Si dice che dietro a un grande uomo ci sia una grande donna; ma secondo lei quanto una donna ha bisogno dell’uomo?

Sempre di meno, purtroppo – ma non voglio dire che sia una brutta cosa. Io adoro gli uomini e adoro la figura maschile, che è molto importante. Ho avuto per quindici anni un marito che è stato un grande uomo – ora da cinque anni non c’è più – e non mi ha mai ostacolata, anzi è stato presente, anche se faceva tutt’altro lavoro. Però, i tempi sono cambiati, e la donna è sempre più indipendente. Quindi, quella frase, è un po’ antica.

È già stata a Trieste o è la prima volta che ci viene?

Ci sono già stata una volta, circa una ventina d’anni fa…

Come mai era venuta qui?

Ero venuta per una convention al Palazzetto dello Sport e non ho visto niente; stavo in un bellissimo albergo, che si trova nella vostra famosa “Piazza Grande” (Piazza dell’Unità d’Italia n.d.s.). Quella volta sono stata portata lì, poi portata alla convention, e riportata in aeroporto. Non ho visto niente. Oggi non si poteva uscire a causa di questa bora, quindi, domani, se sarà bello, farò un giro. Comunque, so che Trieste ha una sua storia, ma purtroppo, per ora, ho visto solo quella piazza.

Lei prima ha detto che il cinema è arrivato nella sua vita un po’ per caso. Quindi, che cosa voleva fare da giovane?

Io facevo la fotomodella e avevo smesso da un paio di mesi, perché volevo viaggiare. Avevo un contatto che mi ha proposto di fare dei libriccini di viaggi per “Les Éditions Hachette” – che sarebbe tipo Rizzoli in Italia. Per fare questo lavoro, andavi in giro per una settimana al mese, con una piccola troupe, un fotografo, una persona che trovava i posti.
Volevo fare questa cosa qua, perché così, una volta al mese, me ne andavo, viaggiavo, guadagnavo molto bene e stavo anche a casa – avevo già un figlio di sette anni. Questo è ciò che volevo fare, se no, avrei fatto l’arredatrice, assolutamente.

Ha un sogno nel cassetto?

Un sogno nel cassetto ce l’avevo tanti anni fa, e ho cercato di realizzarlo: era un film, che volevo produrre, ma non è stato possibile, perché tutti stavano dietro agli stessi diritti. Era una storia vera di una ragazza francese (Béatrice Saubin n.d.s) di buona famiglia, che viene messa in prigione in Malesia e condannata a morte per una cosa che non aveva fatto: un traffico di droga. Il ragazzo cinese di cui si era innamorata le aveva dato – a sua insaputa – una valigia contenente droga.
È stata una storia che aveva smosso tutta la Francia e anche tanti attori e attrici avevano sfilato in difesa di questa ragazza, che alla fine è stata salvata. È stata una storia incredibile che mi aveva molto colpito. Adesso, il mio sogno nel cassetto, è quello di continuare a fare teatro fino alla fine. Voglio lavorare fino alla fine!
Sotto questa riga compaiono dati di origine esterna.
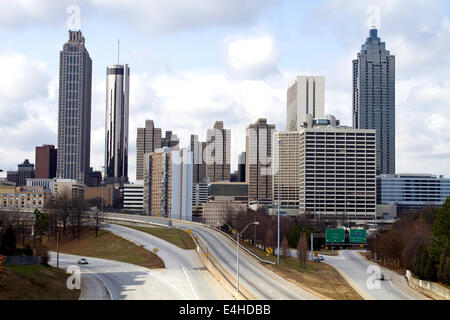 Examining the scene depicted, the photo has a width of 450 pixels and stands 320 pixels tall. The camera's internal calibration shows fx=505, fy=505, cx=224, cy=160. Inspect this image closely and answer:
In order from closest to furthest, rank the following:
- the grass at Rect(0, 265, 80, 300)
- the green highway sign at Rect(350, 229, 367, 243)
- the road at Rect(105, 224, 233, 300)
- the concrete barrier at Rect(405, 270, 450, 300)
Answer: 1. the grass at Rect(0, 265, 80, 300)
2. the road at Rect(105, 224, 233, 300)
3. the concrete barrier at Rect(405, 270, 450, 300)
4. the green highway sign at Rect(350, 229, 367, 243)

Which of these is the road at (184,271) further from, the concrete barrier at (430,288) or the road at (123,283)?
the concrete barrier at (430,288)

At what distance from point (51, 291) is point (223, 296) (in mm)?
15333

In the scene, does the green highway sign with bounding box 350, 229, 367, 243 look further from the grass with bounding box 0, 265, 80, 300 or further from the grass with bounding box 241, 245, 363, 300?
the grass with bounding box 0, 265, 80, 300

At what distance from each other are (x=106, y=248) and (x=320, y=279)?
40888 millimetres

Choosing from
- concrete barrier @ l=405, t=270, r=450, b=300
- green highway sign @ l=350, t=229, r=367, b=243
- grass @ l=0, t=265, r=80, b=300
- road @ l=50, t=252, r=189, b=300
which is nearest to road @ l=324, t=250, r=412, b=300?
concrete barrier @ l=405, t=270, r=450, b=300

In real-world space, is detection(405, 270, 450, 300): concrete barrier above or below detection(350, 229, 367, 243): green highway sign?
below

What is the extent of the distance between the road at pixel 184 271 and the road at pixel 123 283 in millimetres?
1002

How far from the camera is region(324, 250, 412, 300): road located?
53828mm

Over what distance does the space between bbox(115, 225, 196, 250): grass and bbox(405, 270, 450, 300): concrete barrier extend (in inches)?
1385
Ringrazio Corinne Clery per la piacevole chiacchierata.

Nadia Pastorcich © centoParole Magazine – riproduzione riservata

Immagini correlate:

Share this post

One Reply to “Corinne Clery: mi sono innamorata del teatro”

  1. cesare ha detto:

    Un’altra simpatica conversazione di Nadia con Clorinne Clery, attrice francese di squisita classe ed ancor oggi di raffinato charme. Massima la sua disponibilità discorsiva, simpatica la sua esposizione con episodi importanti della sua vita di attrice cinematografica, televisiva e teatrale.
    Queste interviste sono interessanti perché possono servire anche da ottima guida per ragazzi e ragazze che volessero intraprendere la carriera di attori. L’esperienza delle persone intervistate può riuscire molto utile in tal senso. Il lettore è comunque sempre interessato perché conoscendo il protagonista, può apprendere di più di lui dal punto di vista professionale, ma soprattutto umano, e cioè ciò che vi è dello stesso, come si suol dire, “dietro le quinte”.